Formerly a journalist (Newsweek, US magazine) and non-fiction writer, Anita Shreve's first novel EDEN CLOSE, published in 1990, introduced a distinctively individual voice to literary fiction.
In her notable fiction debut (her most recent nonfiction book is Women Together, Women Alone ) Shreve sensitively explores the coming-of-age and later redemption of her hero, events separated by nearly 20 years. A recently divorced New York advertising executive in his mid-30s, Andrew returns to the home of his youth in upstate New York to bury his widowed mother. In the dilapidated house next door live Eden Close and her mother Edith. The novel opens with Andrew dreaming of the night he was awakened by screams from the Closes' house, an incident well remembered: ``The man next door was murdered when I was seventeen. His daughter was raped.'' Blinded by the same gun that killed her father, Eden endures an hermetic existence, zealously guarded by her mother. She and Andrew had been best friends before puberty complicated their relationship, and now Andrew, looking to the past for clues to his future, reconnects with Eden. Readers will have guessed the secret of Eden and her mother long before the story's putative climax, when it is revealed to Andrew and others. Shreve's evocative prose and elegiac voice, and her faithful attention to her likable hero's emotions render him believable and give this romance a weight superior to most in the genre. Film rights to Disney/Hollywood Pictures. (Aug.)

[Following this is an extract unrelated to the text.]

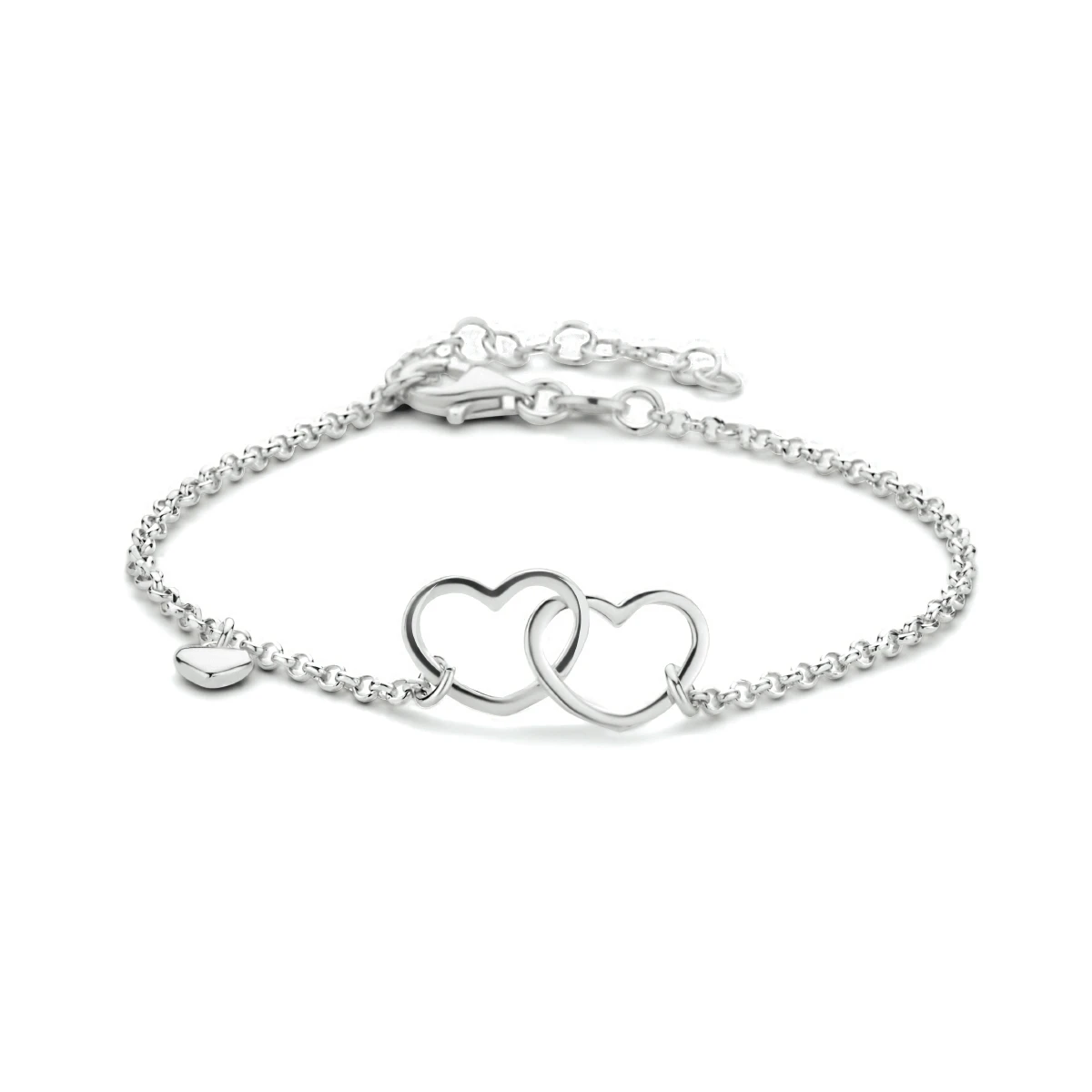 armband hartjes 16 + 3 cm zilver gerhodineerd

'Shreve writes with power and passion' DAILY EXPRESS; 'Anita Shreve has a knack for wry observation and for capturing the agony of emotion' DAILY TELEGRAPH; 'EDEN CLOSE is a novel of sensibility. Its insights are keen, its language measured and haunting. In it a sense of loss and rapture is everywhere' NEW YORK TIMES BOOK REVIEW; 'A first novel that turns rural gothic horrors into a story of fine, high love ... beautifully rendered scenes ... and a climax that will ... put you on the edge of your chair' KIRKUS REVIEW
For Andrew and Eden, it's a modern adaptation of paradise lost and then regained. As next-door neighbors, ``best buddies,'' and then awkward adolescents, Eden and Andy find solace in each other's company until a tragic event occurs as Andy prepares to leave their small home town and heads off to college. The awful accident drives them apart, but then inadvertently draws them together again some 15 years later. Their relationship is rekindled when Andy returns home to attend his mother's funeral. Rather than close the chapter, Andy cautiously explores the remains of his past while trying to solve the mystery that envelops the woman he has always loved. Flashbacks add to this sensitive exploration as Shreve's characters struggle to obtain the ever elusive happy ending.-- Heidi Schwartz, ``Business Interiors,'' Red Bank, N.J.